Muhaddislerce tanınmadığı, kendisi ilim talebiyle meşhur olmadığı, hadis alimlerini bilmediği, hadisleri sadece bir tek şahıs cihetinden geldiği için meçhul addedilen ravilerin kısımlarındandır. (Bk. Mechul).


“Adaleti mechûl” manasından da anlaşılacağı gibi mechulu'l-adâle olan ravi önce adalet durumu bilinmeyen ravidir. Rivayeti ister tek hadise münhasır kalsın, isterse bir kaç hadis rivayet etmiş olsun adaletli olduğu bilinmeyen ravi mechulü'1-adaledir.
Adaleti meçhul bir ravi, Hadis ilminde şöhret sahibi olan en az iki ravinin kendisinden rivayette bulunmasıyle her ne kadar meçhul olmaktan kurtulursa da bununla adaleti sabit olmaz. Yine mechûlu'l-adale olarak kalır; zira kaide olarak bir ravinin adaleti kendisinden iki veya daha fazla kimsenin rivayette bulunmasından ziyâde, hadis imamlarının veya cerh ve ta'dil âlimlerinin adaletli olduğunu söylemeleriyle anlaşılır. 638

Mechûlu'l-Ayn:

Mechûlu'z-zât da denir. Her ikisi de kendisi meçhul manasınadır. Rivayette infirâd etmesi yüzünden mechûl sayılan raviye denilmiştir.

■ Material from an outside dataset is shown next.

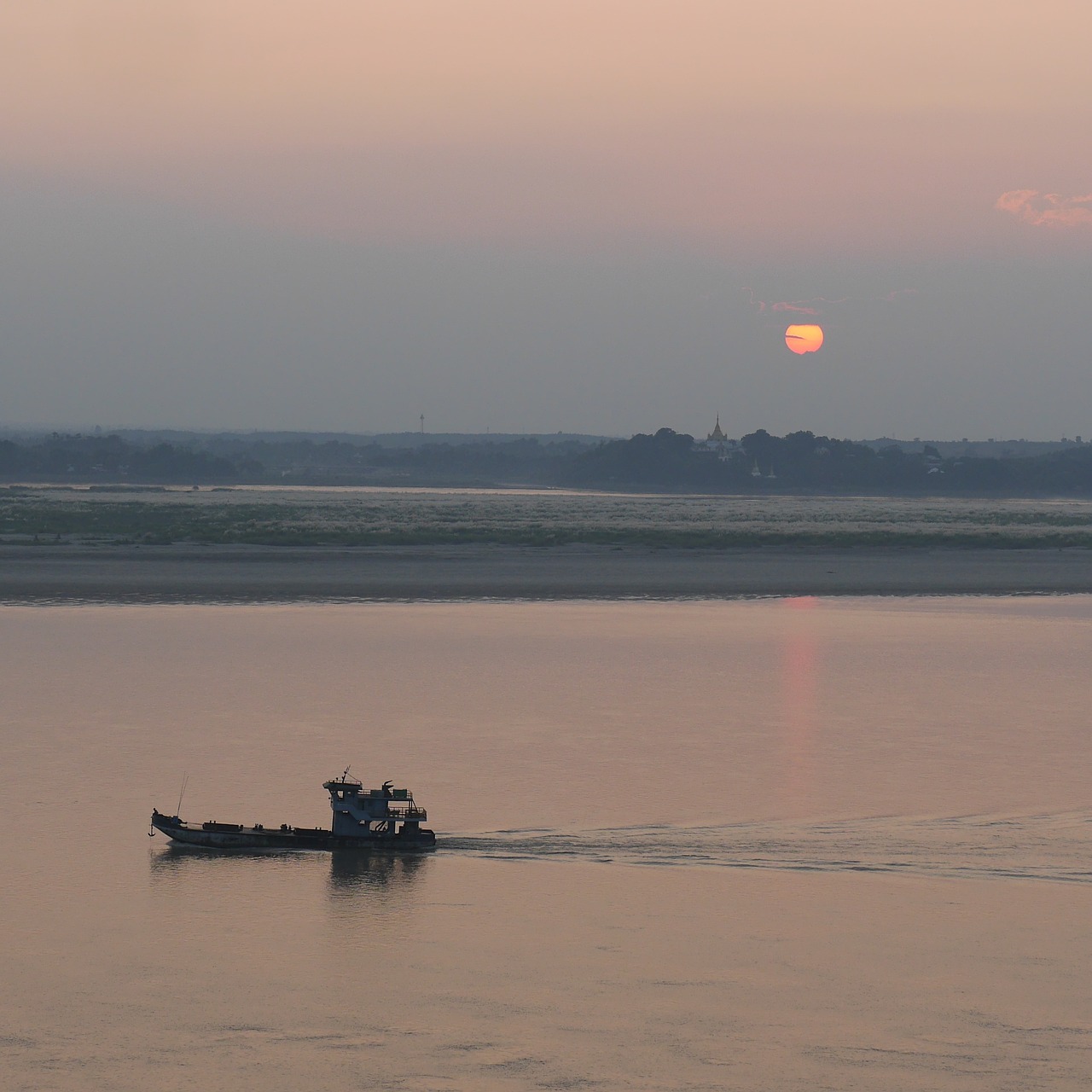 fishing boat myanmar sunset free photo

Meçhul maddesinde söz konusu edildiği gibi, sadece bir ravinin kendisinden rivayette infirad ettiği; bu sebeple mechül addedilen raviler üç kısımdırlar. Mechûlu'1-ayn bunlardan üçüncüsüdür ve tek ravisinden başka hiç bir ravi veya hadis âlimi tarafından bilinmeyen kimsedir.
el-Hatîbu'1-Bağdâdî'ye göre Mechûlu'l-ayn hadis âlimlerince bilinmeyen, hadisi yalnızca bir tek ravi cihetinden bilinen kimsedir. İbn Abdilber de aynı görüştedir. Ona göre de, kendisinden yalnız bir ravi hadis rivayet etmiş kimse hadis âlimlerince mechûlu'1-ayn dır.
Mechûlu'l ayn mubhem hükmünde olup, hadis âlimlerinin ve fakihlerin cumhuruna göre makbul değildir. Hadisleri alınmaz. Bununla birlikte rivayetin kabulü için müslüman olmayı yeterli görüp bundan başka şart aramayanlara göre mechûlu'l-aynın rivayetleri makbuldür. Bu konuda üçüncü bir görüş daha vardır. Buna göre ise mechûlu'l-aynın rivayetleri eğer Abdurrahman İbn Mehdî, Yahya b. Sa'id el-Kattân gibi yalnızca adalet sahibi kimselerden rivayet etmekle tanınan bir ravi kendisinden rivayette infirâd etmişse rivayetleri kabul edilir. Kendisinden rivayette tek kalan ravi bu özellikte değilse mechûlu'l-ayn’ın rivayeti makbul addedilmez.
İbn Hacer de en doğru görüş kaydıyla buna yakın bir görüş ileri sürer. O'na göre mechûlu'1-ayn'dan rivayette teferrüd eden ravi cerh veya ta'dile ehil birisi ise onun tezkiyesiyle, değilse onun dışında cerh ve ta'dile ehil olan birinin tezkiyesiyle mechûlul-ayn’ın rivayeti kabul edilir. Aksi halde edilmez. 639

Mechûlu'l-Hâl:

Sadece bir tek ravisi olduğu için (mukill) meçhul kalmış iken ismini açıklayarak iki veya daha fazla adalet sahibi ravinin rivvayette bulunduğu ancak ne kendisinden rivayette bulunanlar ne de başka kismeler tarafından terkiye ve tevsik edilmemiş raviye mechûlu'1-hal veya mestur denir.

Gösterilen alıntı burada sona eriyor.